Steering Committee

  • Bojana Babić

    Bojana Babić is a writer, filmmaker and a PhD student in Screen Cultures and Curatorial Studies at Queen’s University. She completed a BA in Screenwriting and an MA in Film at universities in Portugal, Scotland, and Estonia. Her research and filmmaking focus on gender, migration, humor, negative affect and the everyday aesthetics.
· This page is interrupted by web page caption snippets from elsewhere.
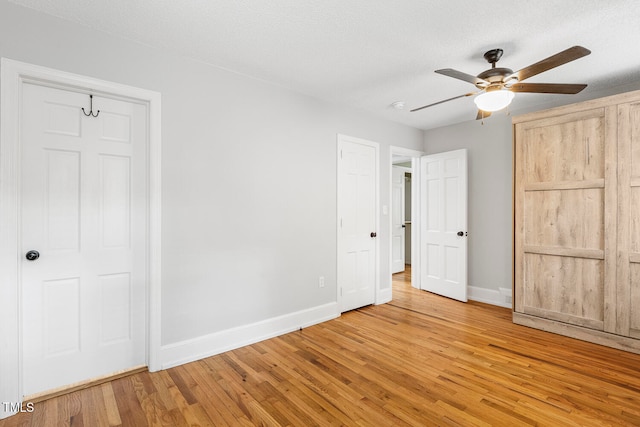 unfurnished bedroom with hardwood / wood-style flooring, ceiling fan, and a textured ceiling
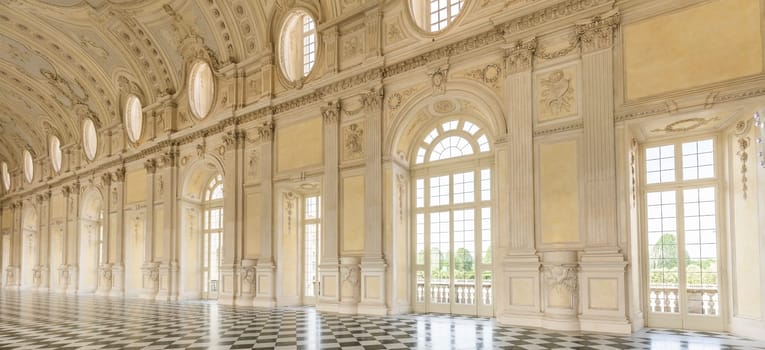 VENARIA REALE, ITALY - CIRCA MAY 2021: corridor with floor made of luxury marbles. Plenty of elegance for this Italian interior in Venaria Reale, Piedmont region.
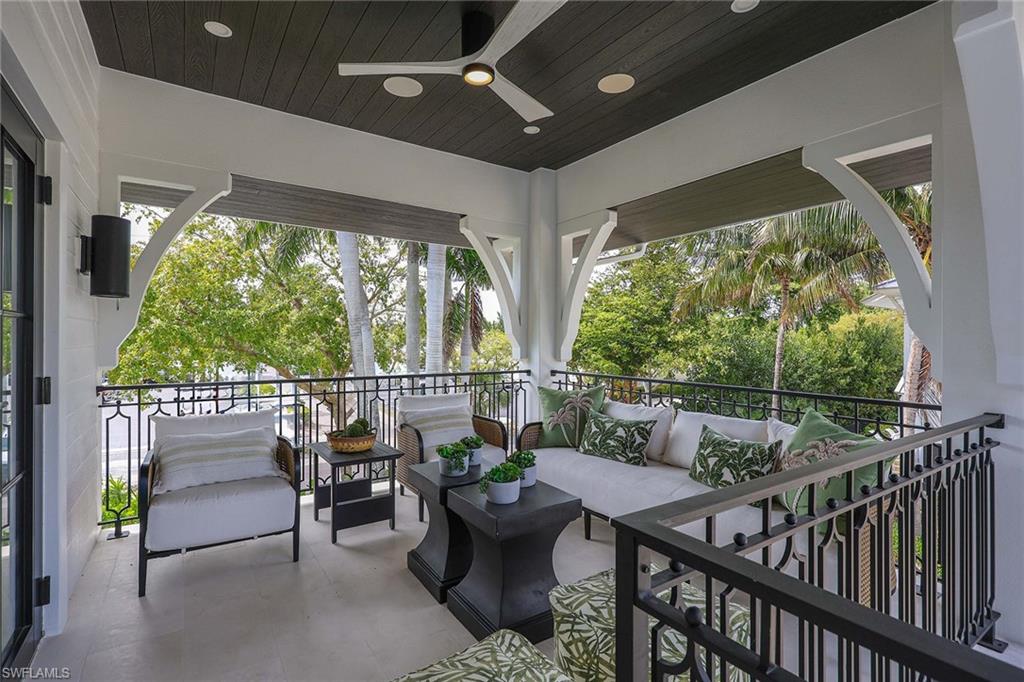 1355 4th Street South Naples, FL 34102 - Photo 42 of 50 a view of a patio with couches chairs and potted plants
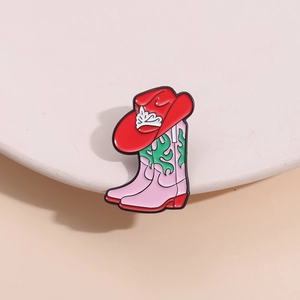 Épingle émaillée bottes de cowboy roses et chapeau rouge sur présentoir rond blanc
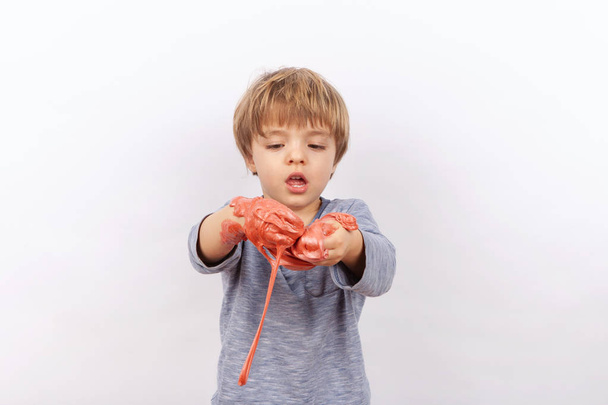 Funny small boy playing with slime. - Foto, imagen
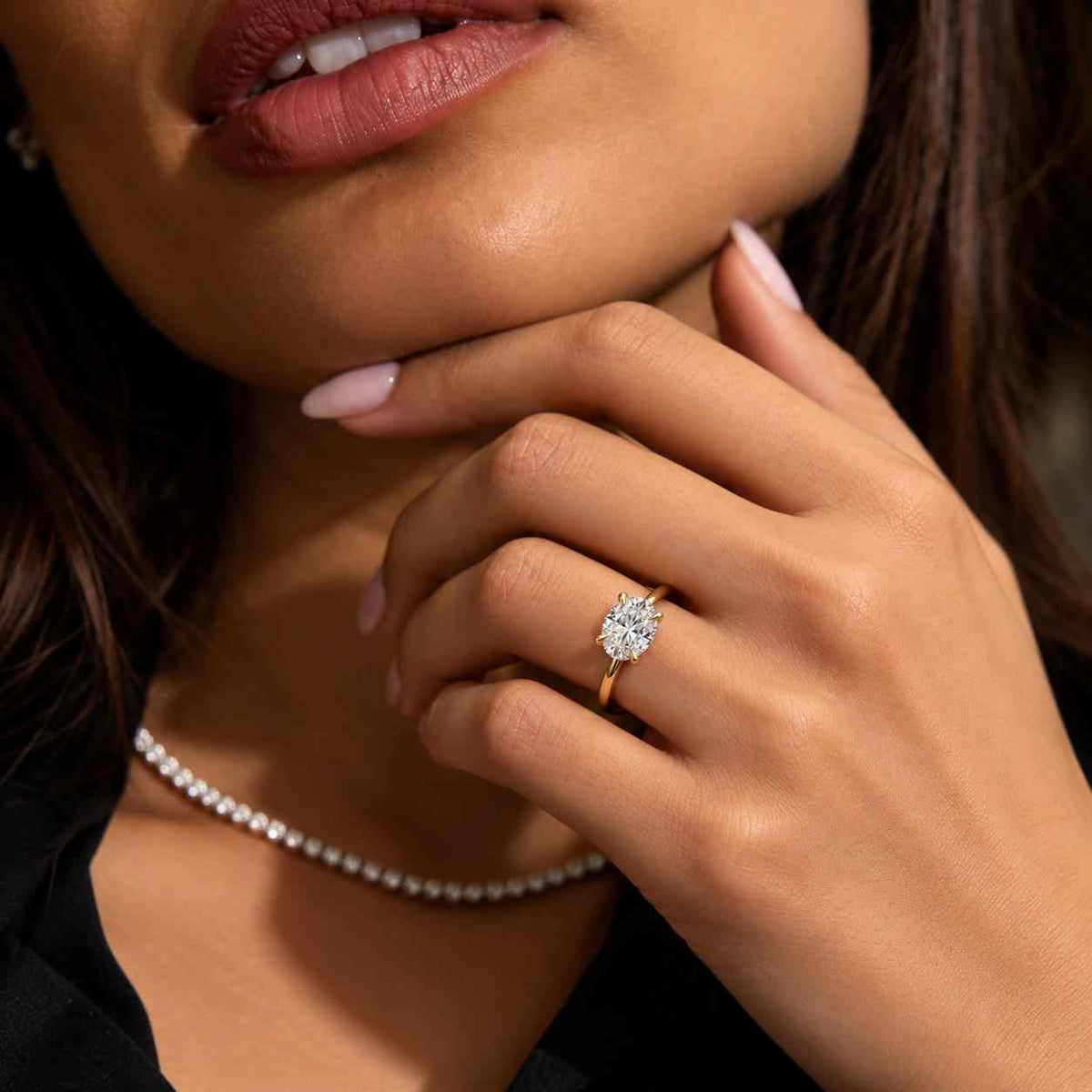 solid gold solitaire oval cut moissanite engagement ring east west set
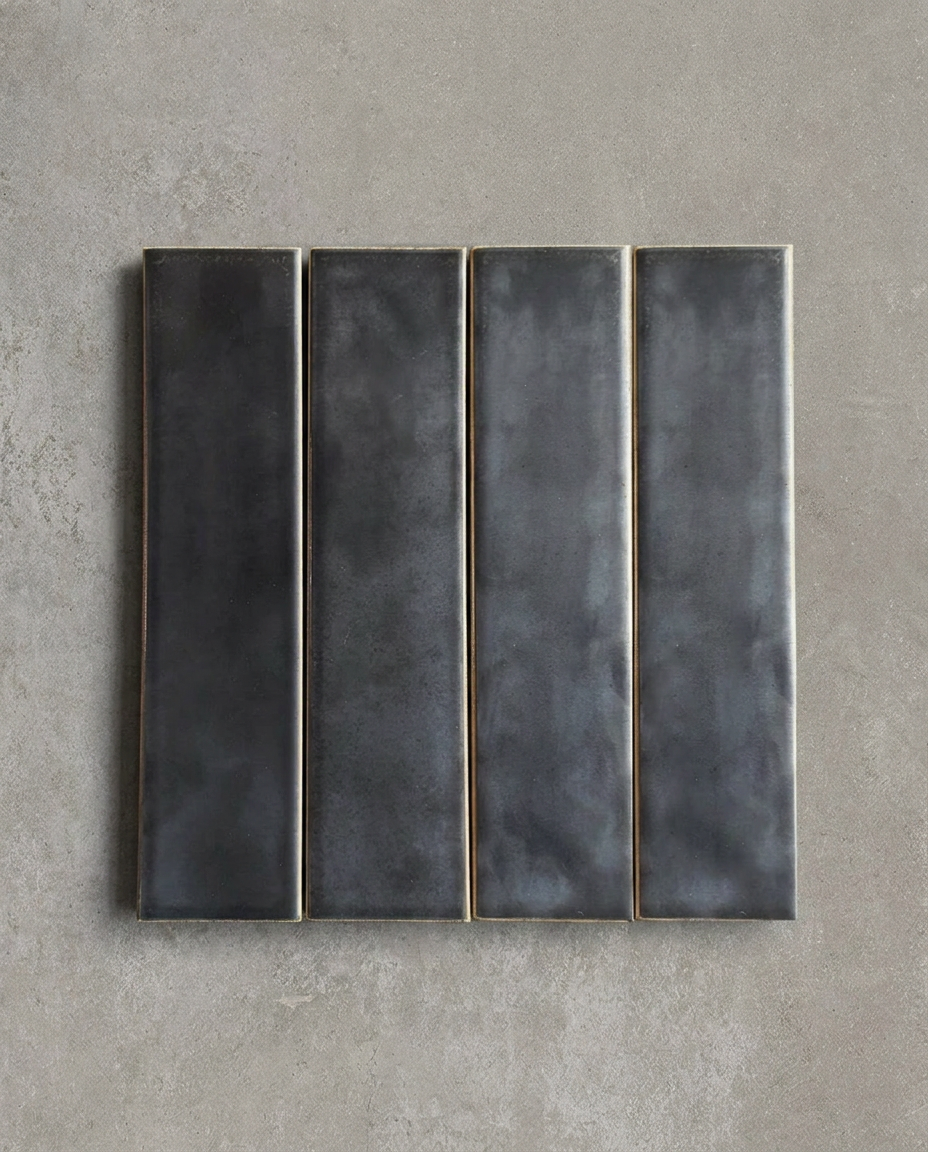 REZĀ is a handcrafted Japanese ceramic wall tile with a soft leather-like texture and richly nuanced glaze, bringing warmth, depth, and understated luxury to contemporary interiors.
  • Emily Barton (Co-Chair)

    Emily Barton is a PhD student at York University. Her work focuses on women loving women, cinema and the archive in queer worldbuilding.

  • Keith Bennie

    Keith Bennie is the Director of Audience & Community at the Toronto International Film Festival, where he leads four streams of learning initiatives: public programming, youth impact, community impact, and library and archives. He is an arts education leader with previous roles at the Ontario Science Centre, Theatre Museum Canada, and IGLYO. Bennie teaches about public programming at Humber College and was selected as a Toronto Arts Council Leaders Lab fellow.

  • Liz Clarke

    Liz Clarke is an Assistant Professor at Brock University. She teaches classes in popular narrative, serial storytelling, film history, film theory, film and TV genres, and gender film and TV. Her research examines women in film and television both on and off the screen. Her current book project is on women in war films from 1908 to 1918. She also researches women writers in film and television from the silent period to contemporary female show-runners.

  • Kathleen Cummins

    Kathleen Cummins, PhD (her/she) is a professor in the Film and Television department at Sheridan College. Her research interests include feminist cinemas, Irish-language cinema, and Indigenous media. Kathleen’s writing has appeared in periodicals and peer-reviewed books. Her most recent publication is Herstories on Screen: Feminist Subversions of Frontier Myths, Wallflower Press, 2020. As a filmmaker, her films and screenplays have received support from the Ontario Arts Council, National Film Board of Canada, Telefilm-Canada, Harold Greenberg Screenwriting Fund, TVO, and CBC.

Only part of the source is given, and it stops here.